## TASK BRIEF
Leaving out every picture, please repeat exactly the line that contains "自分はどれを作るか3つの質問で絞る方法の図解" and each line after it through the final line below.

## PROVIDED MATERIAL
····················
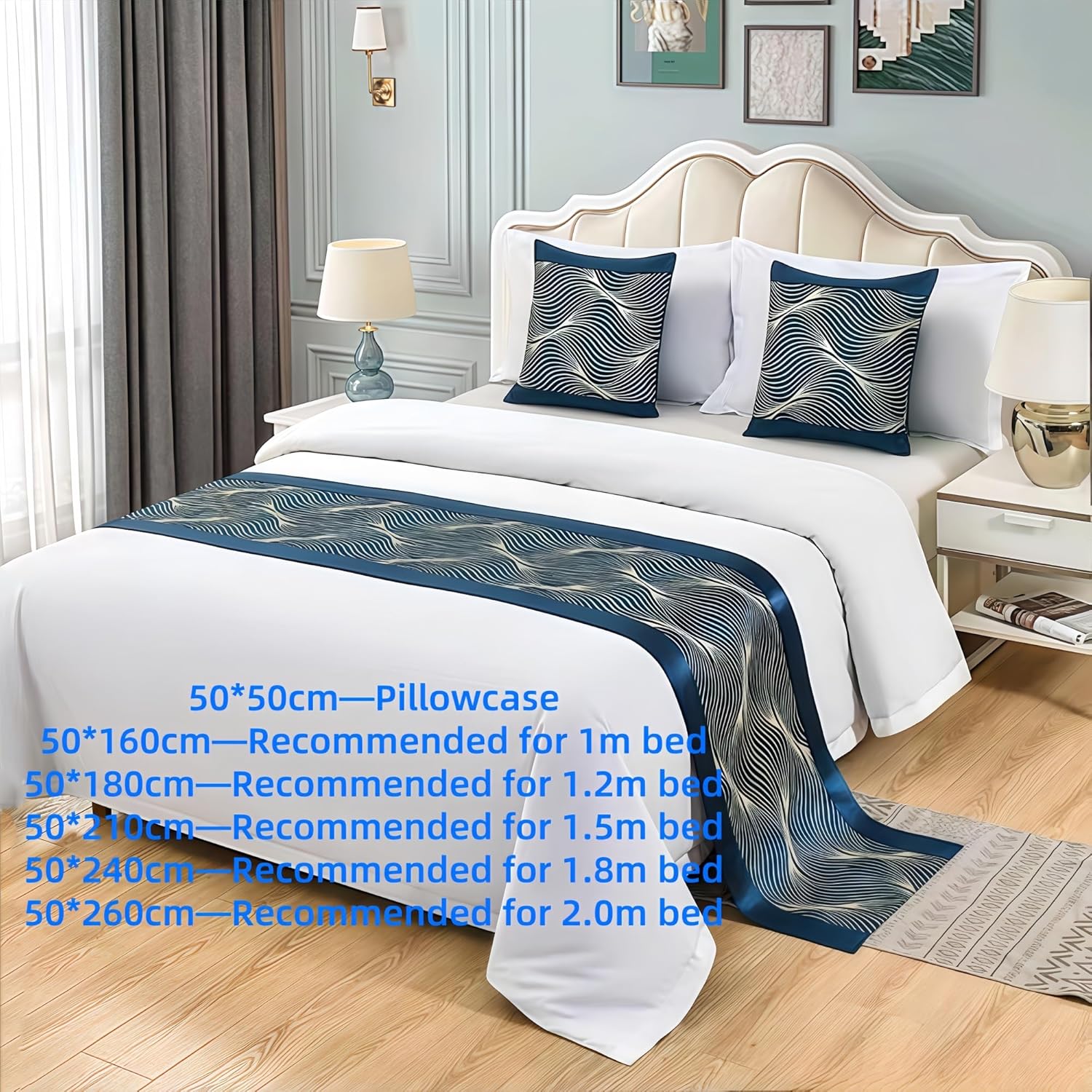Luxury Bed Runner for Guest Room with Embroidery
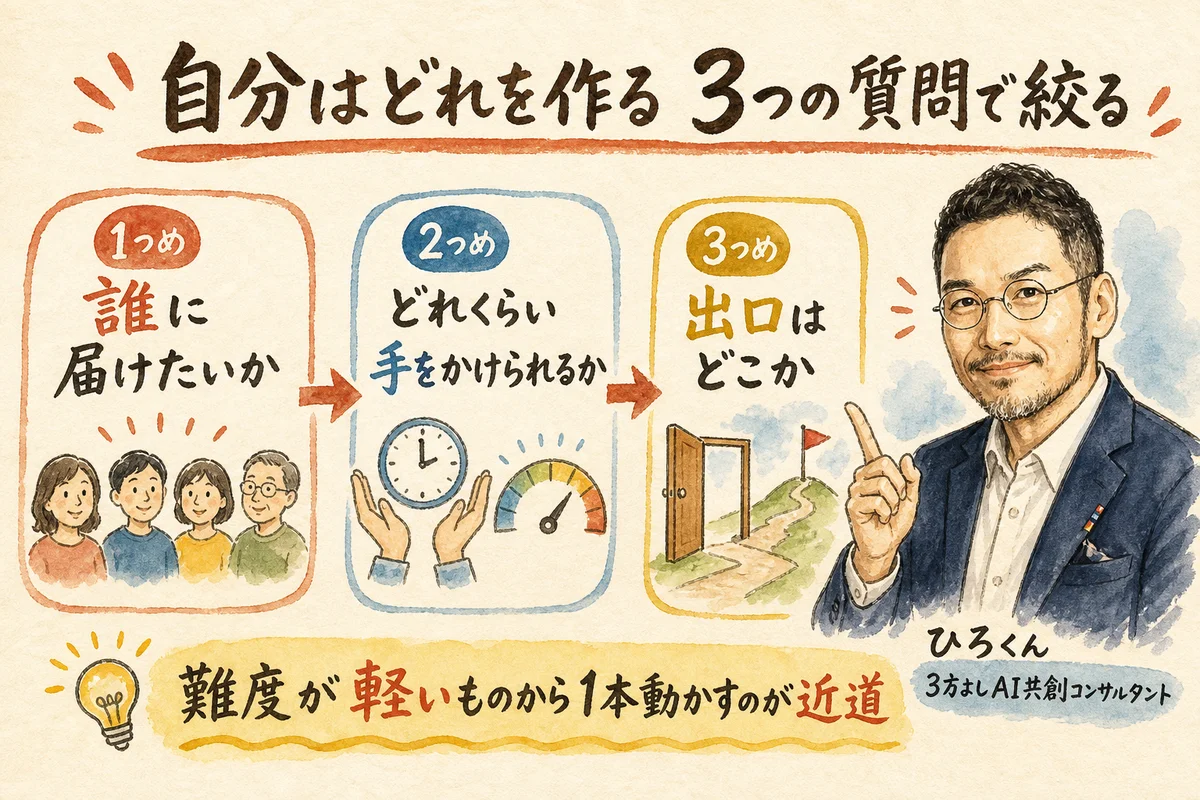 自分はどれを作るか3つの質問で絞る方法の図解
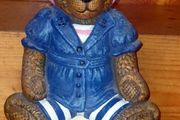 Vintage Wright Studios Cast Iron Teddy Doorstop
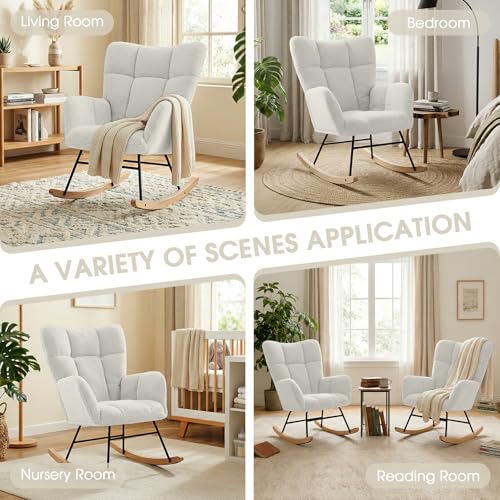 Wryxplor Nursery Rocking Chair, Teddy Upholstered Glider Chair with Thick Cushion, Tufted Gliding Rocker Chair with Wood Leg, Cozy Rocking Armchair, Accent Rocking Chair for Living Room (Ivory)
····················
## EXERCISE SOLUTION
 自分はどれを作るか3つの質問で絞る方法の図解
 Vintage Wright Studios Cast Iron Teddy Doorstop
 Wryxplor Nursery Rocking Chair, Teddy Upholstered Glider Chair with Thick Cushion, Tufted Gliding Rocker Chair with Wood Leg, Cozy Rocking Armchair, Accent Rocking Chair for Living Room (Ivory)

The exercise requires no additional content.